Всеволод Багно: Моя Родина - это запах степного Крыма

26 Июнь 2012 728

Для филолога брать интервью у директора Пушкинского дома, члена-корреспондента Российской академии наук Всеволода Багно - это всё равно, что теннисному болельщику общаться с первой ракеткой мира Марией Шараповой. Он знаменит, весьма уважаем и очень обаятелен. В Крым Всеволод Евгеньевич приехал на первые международные грибоедовские чтения, которые недавно проходили в Алуште. А вообще-то с полуостровом его связывают давние и многогранные отношения. Впрочем, об этом позже. Для среднестатистического крымчанина сотрудник Института русской литературы РАН, более известного как Пушкинский дом, - это человек из параллельного мира. Тем любопытнее было искать точки соприкосновения, точки взаимного интереса.

«Пешы исчо» и чтение на пляже

- Как вы думаете, станет ли модно быть грамотным? Спрашиваю, потому что безграмотные речь и письмо, похоже, стали вариантом нормы. Как-то мне попались данные украинских социологов: менее 30% людей, по финансовым показателям относящихся к среднему классу - к этой опоре любого общества, имеют высшее образование. Стало быть, остальные его не имеют за ненадобностью. Да и высшее образование не означает, что его носитель обязательно грамотен.

- Сама по себе грамотность может быть модной только тогда, наверное, когда она будет выгодной. Если рассматривать в качестве грамотности знание языка, то должно стать выгодно знать язык. И ничего страшного в этом нет. Маленький ребёнок ещё ничего не знает, и его родители пытаются строить ему жизнь, потому что любят его больше всего на свете. Естественно, они хотят дать ему те знания, которые будут наиболее перспективны.

Свято место и пусто не бывает, и слишком многое туда не поместится. Когда мы начинаем страдать из-за того, что из школьной программы выбрасываются какие-то предметы, предположим, гуманитарные, мы же должны понимать, что они не просто так выкидываются: не из прихоти и вредности. Чтобы меня правильно поняли, подчеркну, что я, безусловно, буду бороться за то, чтобы гуманитарные предметы оставались. Но я понимаю и то, что кто-то - чуждый лично для меня - хочет внедрить знания, которые с его точки зрения будут полезными поколению. И вот с этой полезностью, возможно, я и соглашусь. Скажем, у моего поколения не было юридического и экономического образования, а грамотность была. Хорошо или плохо было, если бы у нас было больше экономики и юриспруденции и меньше грамотности? Никто этого не знает.

С грамотностью дело сейчас обстоит, конечно, отвратительно. Но ведь не ребята же виноваты и не их родители, а система не сумела так организовать себя, чтобы грамотность стала интересной, заиграла, чтобы за ней пошли толпы.

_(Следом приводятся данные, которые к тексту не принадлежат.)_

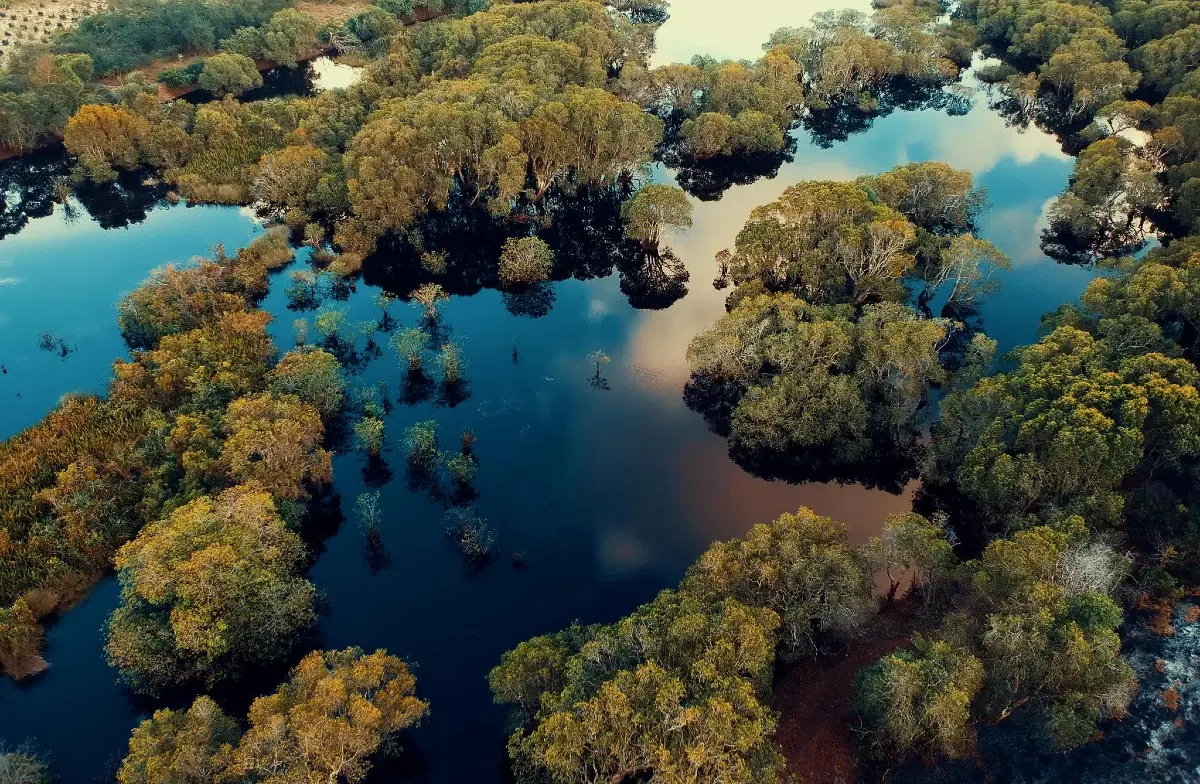 Resilient Plants Surviving Earth's Most Extreme Conditions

- Вы - человек, который сказал, что массовая литература - это хорошо, потому что для многих она открывает истину, что вообще существует литература...

- ...что существуют культура и искусство. Массовая культура, которая лично мне во многом не симпатична, абсолютно необходима. Благодаря изучению Сервантеса я знаю рыцарские романы и понимаю, что это бессмертный элемент массовой культуры, как и лубок, детектив и прочее. Этот длинный ряд сопровождал и продолжает сопровождать человека.

При этом мы должны понимать, что есть образованные люди и необразованные. И полное хамство для образованного человека (которое тем самым свидетельствует о том, что он необразован) - смотреть на необразованного человека по-хамски. Получается, что ты - хам, а не он, если ты не понимаешь, что он нуждается не в том, в чём нуждаешься ты. Или если ты не понимаешь, что он не может ощутить, понять и полюбить то, что любишь ты.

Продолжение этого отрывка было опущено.